The world is all too easy to disrupt in the very same way it is being disrupted in terms of oil today, thanks to the asymmetries brought on by drone and missile warfare in this new era.

pibaker 44 minutes ago | parent | next [-]

> Solar is just as liable as petroleum infrastructure has been.

Oil and gas infrastructure is full of choke points like pipelines, port facilities, storage facilities and large, concentrated refineries that supply entire country's worth of fuel. There is no central choke point in a solar based grid.

> Iran targets solar plants in the gulf states instead.

A drone exploding in a solar plant will take out what, a couple hundred solar panels? The rest will keep working once you blow the dust off.
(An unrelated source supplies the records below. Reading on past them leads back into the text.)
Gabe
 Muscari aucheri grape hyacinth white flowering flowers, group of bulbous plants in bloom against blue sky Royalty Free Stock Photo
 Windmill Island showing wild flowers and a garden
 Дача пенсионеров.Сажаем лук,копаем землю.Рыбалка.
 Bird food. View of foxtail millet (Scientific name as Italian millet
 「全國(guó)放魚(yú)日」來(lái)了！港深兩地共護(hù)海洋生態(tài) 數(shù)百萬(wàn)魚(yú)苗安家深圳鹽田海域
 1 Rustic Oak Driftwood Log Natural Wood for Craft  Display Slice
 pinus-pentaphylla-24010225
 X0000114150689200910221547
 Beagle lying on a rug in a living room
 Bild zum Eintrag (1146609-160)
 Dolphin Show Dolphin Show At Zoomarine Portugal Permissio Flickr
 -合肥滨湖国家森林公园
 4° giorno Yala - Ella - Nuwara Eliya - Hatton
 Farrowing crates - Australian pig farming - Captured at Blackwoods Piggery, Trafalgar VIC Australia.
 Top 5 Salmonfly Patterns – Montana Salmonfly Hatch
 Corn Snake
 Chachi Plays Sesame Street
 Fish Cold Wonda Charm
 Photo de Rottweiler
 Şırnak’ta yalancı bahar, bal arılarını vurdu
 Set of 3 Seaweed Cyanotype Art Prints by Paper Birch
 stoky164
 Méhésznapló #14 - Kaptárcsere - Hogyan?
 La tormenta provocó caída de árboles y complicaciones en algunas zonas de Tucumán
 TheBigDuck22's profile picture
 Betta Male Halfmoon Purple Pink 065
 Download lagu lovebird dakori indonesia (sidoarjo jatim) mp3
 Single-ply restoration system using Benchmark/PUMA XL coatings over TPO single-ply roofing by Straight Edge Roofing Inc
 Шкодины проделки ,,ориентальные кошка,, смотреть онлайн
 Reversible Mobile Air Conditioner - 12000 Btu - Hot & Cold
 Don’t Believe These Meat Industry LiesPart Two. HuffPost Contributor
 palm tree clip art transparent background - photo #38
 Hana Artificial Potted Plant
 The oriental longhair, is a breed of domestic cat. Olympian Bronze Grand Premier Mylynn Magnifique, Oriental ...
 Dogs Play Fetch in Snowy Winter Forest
You set one oil storage tank on fire and it takes care of everything else in its vicinity.

Not to mention solar can be truly decentralized. You can just buy a solar panel, plug it in your outlet and start generating electricity. You can turn every house into a solar power plant if you want and an enemy will have to bomb every house to get them offline.

> Maybe Iran wants to twist the knife, sends submarines to target solar supply chain networks directly either in shipping at sea or to be closer to shelling or missile striking mining or production facilities.

Iran will totally just go to war against china to prevent more solar panels from being made, yeah.

remarkEon 28 minutes ago | parent [-]

>There is no central choke point in a solar based grid.

The distribution becomes the target, not the generation. I agree with most of the other things you're saying, about how I can generate a small amount of electricity on my own if I buy a PV system. That's irrelevant, however.

triceratops 2 hours ago | parent | prev [-]

As terrible as the human cost would be if Iran and the other Gulf states were to target each others' solar plants, it would be contained to tha region. India, and China, and America, and Africa, and Europe's PV would continue to generate electricity. Compared to what we have now, where a war in one part of the world makes energy expensive everywhere else.

Not to mention: PV generation is way more distributed than drilling oil and gas. Commercial PV generation facilities are smaller and more spread out. And even if the enemy bombs them all in a war, you can disconnect your rooftop solar panels from the grid and keep your house going. Do you have an oil well and refinery in your backyard?

I'll repeat it again: you don't burn solar panels to make energy. We need growing numbers of panels today because we're going solar. If the world were already at 100% solar then we wouldn't need nearly as much manufacturing or mining. We'd mostly just recycle old panels.

This is unlike fossil fuels. If you burn gas you will always need new gas. Forever.